---------- Exercise data

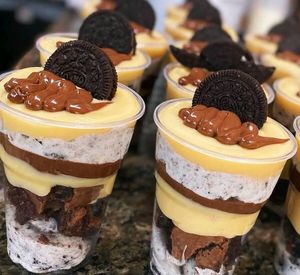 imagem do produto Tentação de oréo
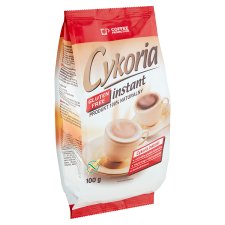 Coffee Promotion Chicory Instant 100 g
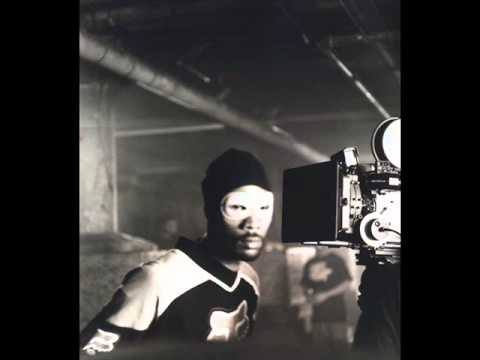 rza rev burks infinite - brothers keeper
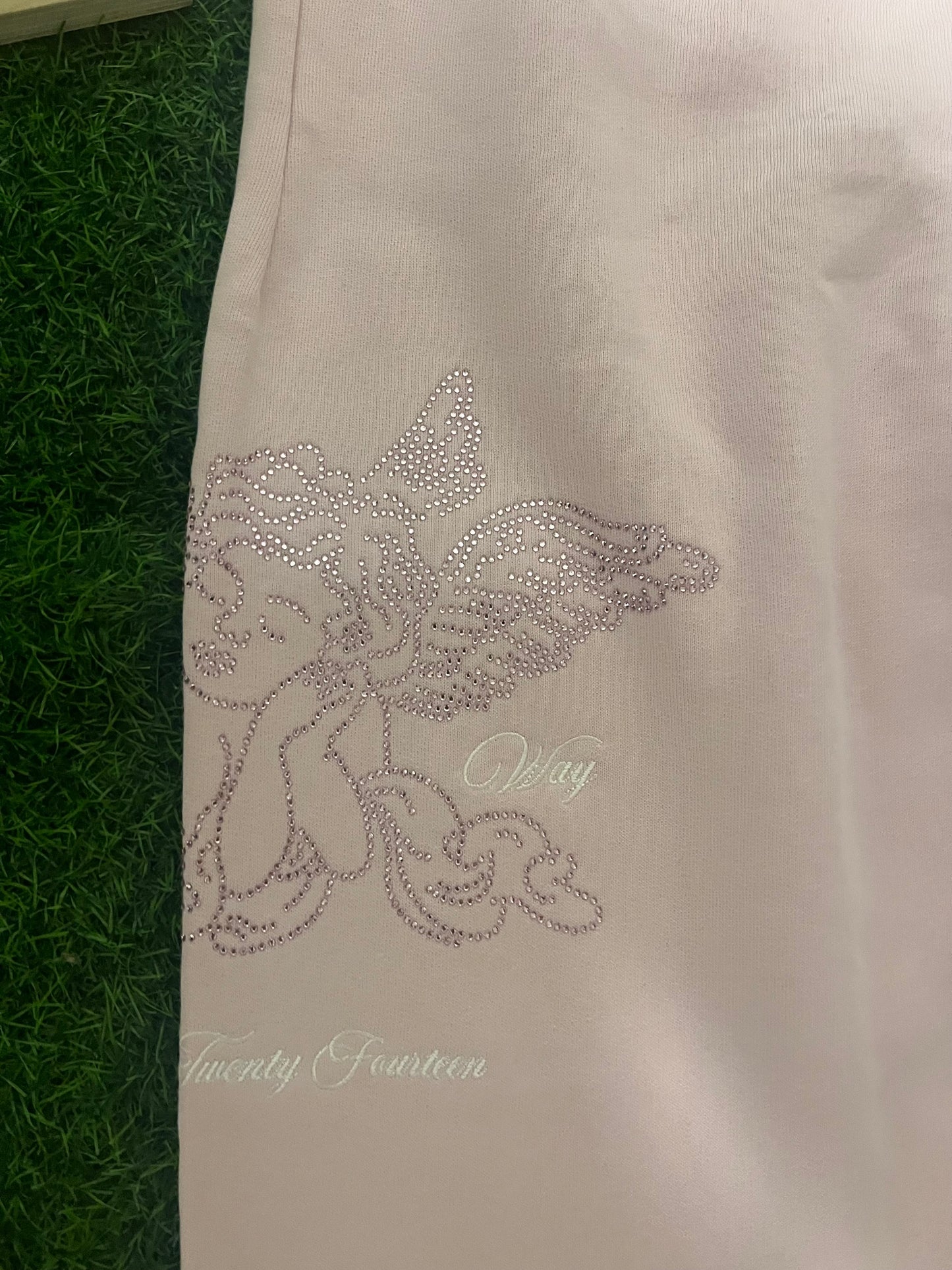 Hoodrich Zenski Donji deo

--------------------

▶ Exercise instructions: Write out the line that contains "rza rev burks infinite - brothers keeper" and every line after it to the end of the data, exactly as they stand. Omit the pictures.

▶ Your response:
 rza rev burks infinite - brothers keeper
 Hoodrich Zenski Donji deo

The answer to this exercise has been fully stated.